## Data under study
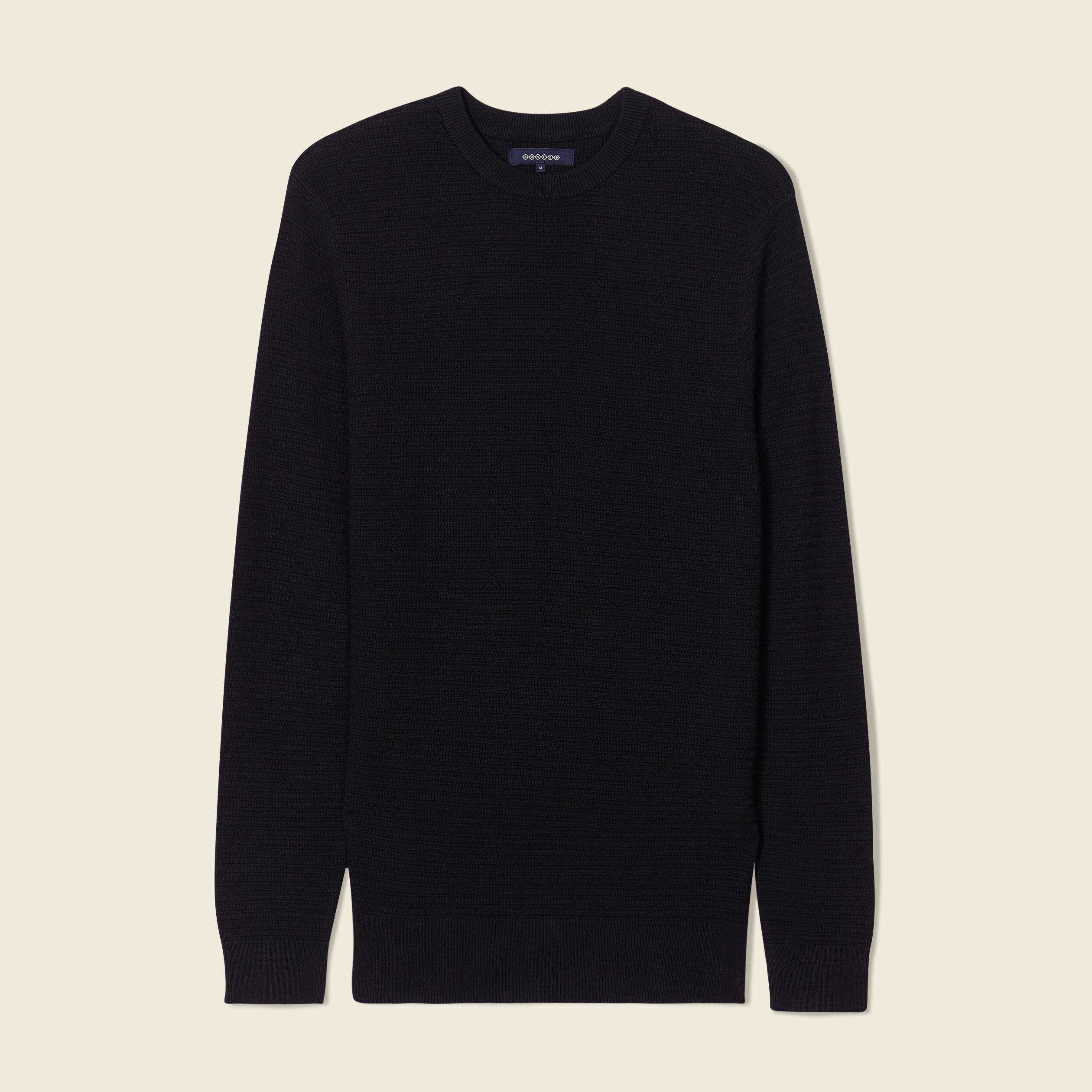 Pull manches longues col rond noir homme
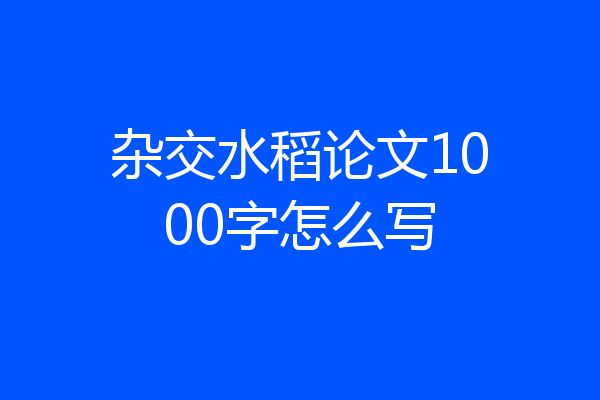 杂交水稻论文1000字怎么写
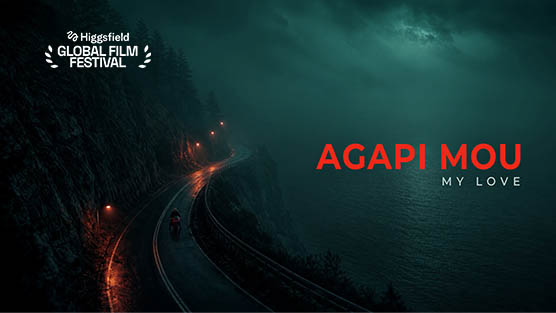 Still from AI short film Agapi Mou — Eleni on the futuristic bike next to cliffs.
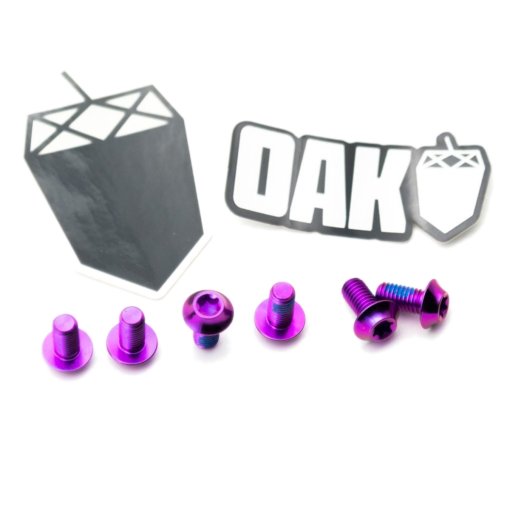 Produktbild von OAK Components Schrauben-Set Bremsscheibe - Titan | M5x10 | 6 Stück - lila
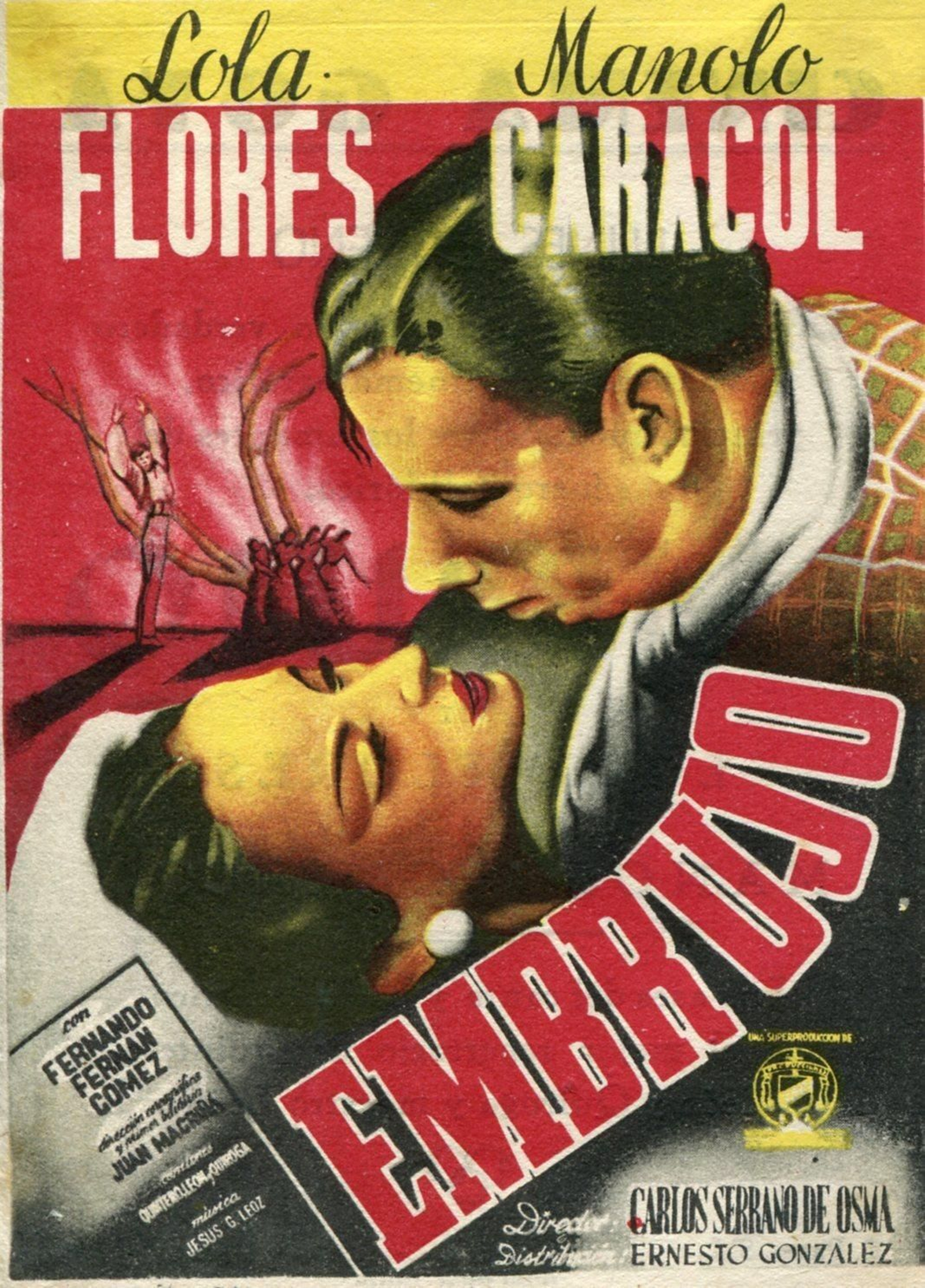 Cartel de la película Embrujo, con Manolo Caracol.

...

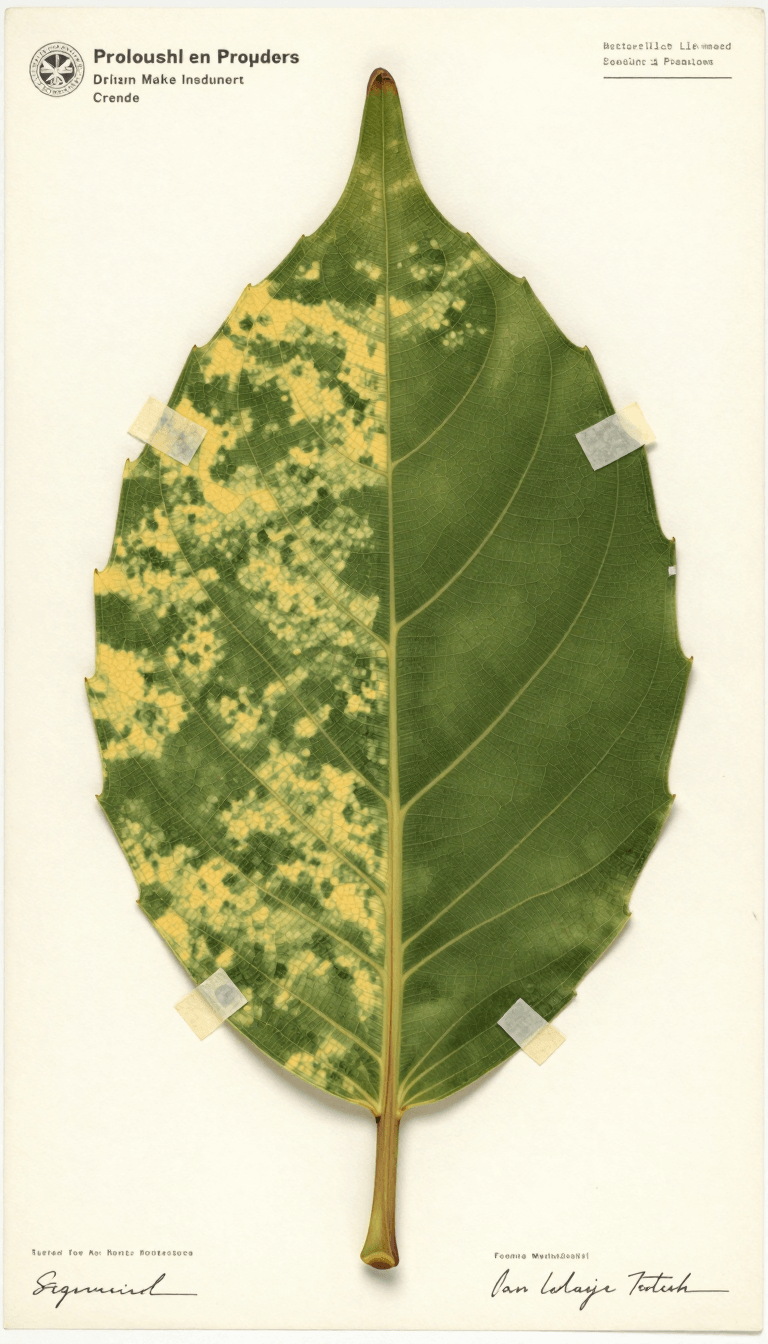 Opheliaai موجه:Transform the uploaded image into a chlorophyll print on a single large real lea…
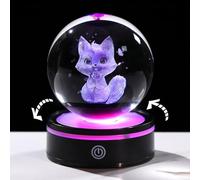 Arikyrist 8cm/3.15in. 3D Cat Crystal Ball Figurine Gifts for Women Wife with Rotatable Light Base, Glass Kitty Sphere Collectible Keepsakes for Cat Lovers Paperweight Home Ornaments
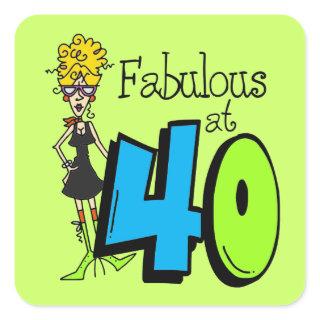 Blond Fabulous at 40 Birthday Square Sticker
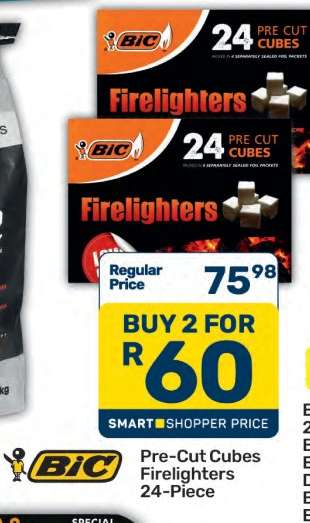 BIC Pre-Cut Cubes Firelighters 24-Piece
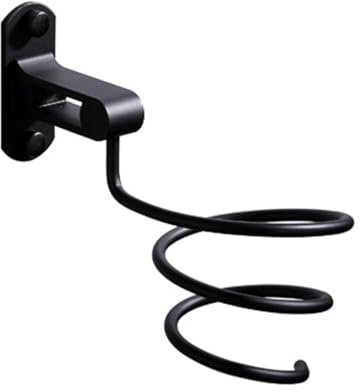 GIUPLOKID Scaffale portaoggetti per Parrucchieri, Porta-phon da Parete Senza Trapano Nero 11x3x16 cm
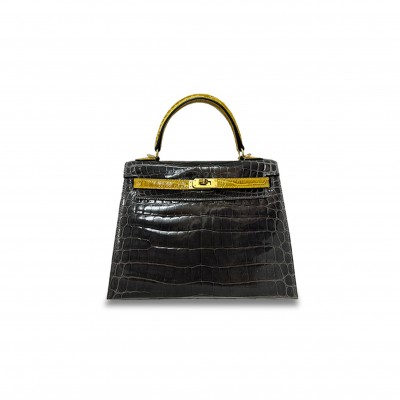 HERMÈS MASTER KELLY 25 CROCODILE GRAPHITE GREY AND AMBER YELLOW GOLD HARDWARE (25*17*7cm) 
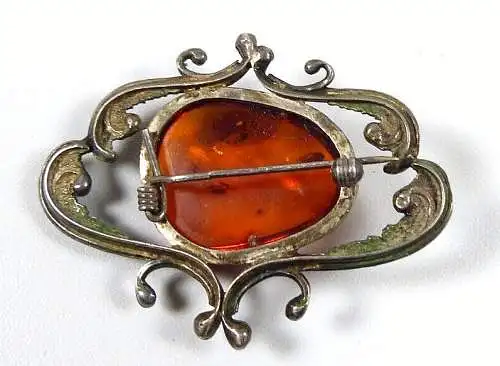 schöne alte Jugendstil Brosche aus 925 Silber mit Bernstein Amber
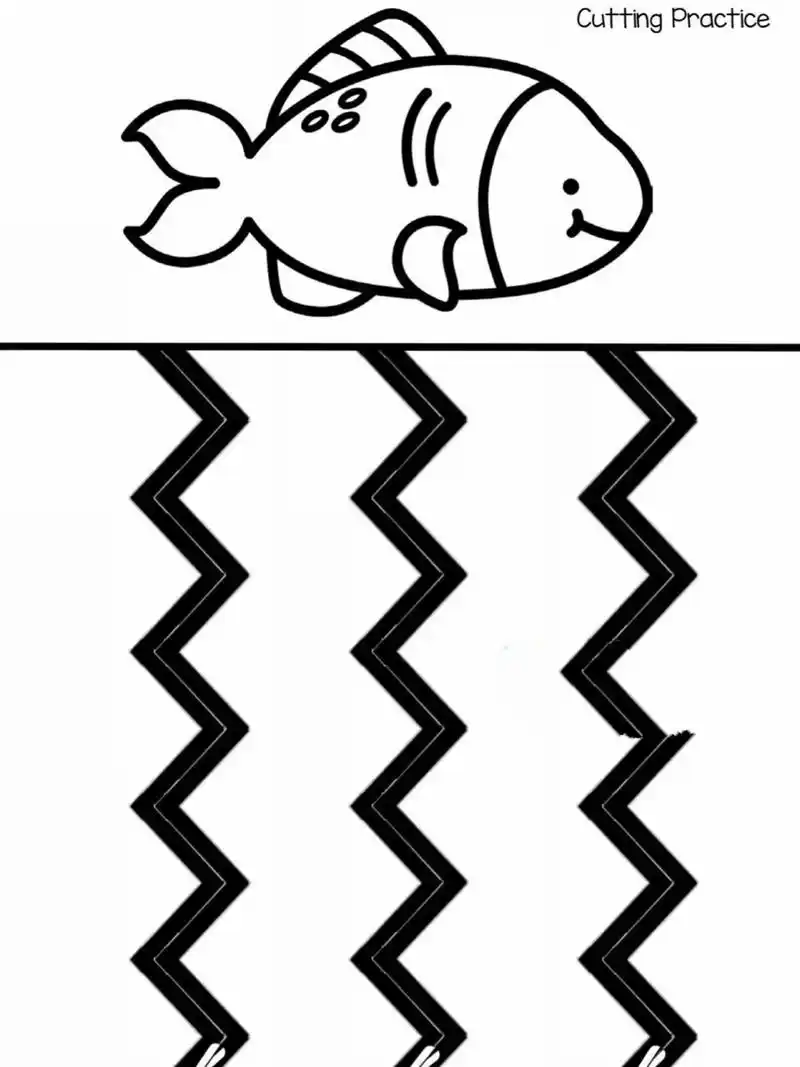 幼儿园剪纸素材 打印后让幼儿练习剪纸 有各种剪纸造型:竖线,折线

* * *

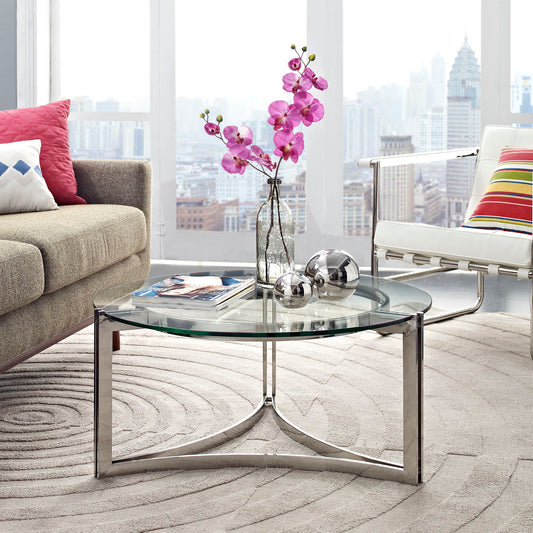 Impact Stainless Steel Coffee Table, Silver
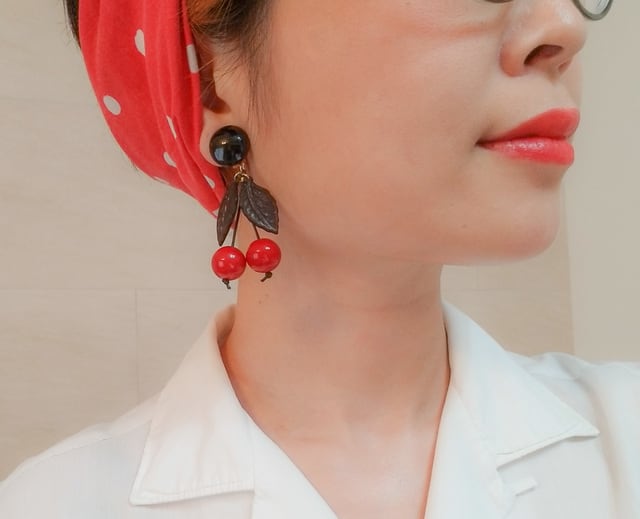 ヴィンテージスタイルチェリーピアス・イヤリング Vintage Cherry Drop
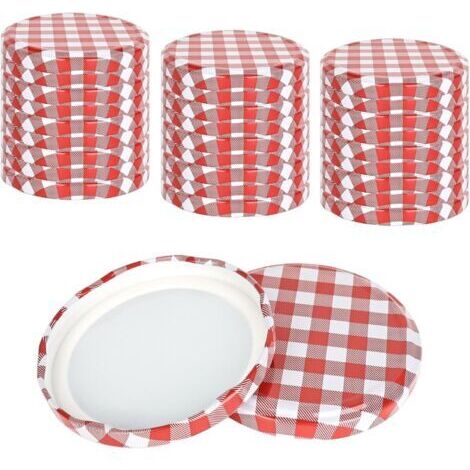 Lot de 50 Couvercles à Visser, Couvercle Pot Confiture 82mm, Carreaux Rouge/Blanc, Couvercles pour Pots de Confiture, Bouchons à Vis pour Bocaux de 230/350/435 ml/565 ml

## Exercise requirements
In the material above, the stretch from the line with "杂交水稻论文1000字怎么写" through the line with "Cartel de la" is to be given again exactly, minus the pictures.

## Solution for this exercise
 杂交水稻论文1000字怎么写
 Still from AI short film Agapi Mou — Eleni on the futuristic bike next to cliffs.
 Produktbild von OAK Components Schrauben-Set Bremsscheibe - Titan | M5x10 | 6 Stück - lila
 Cartel de la película Embrujo, con Manolo Caracol.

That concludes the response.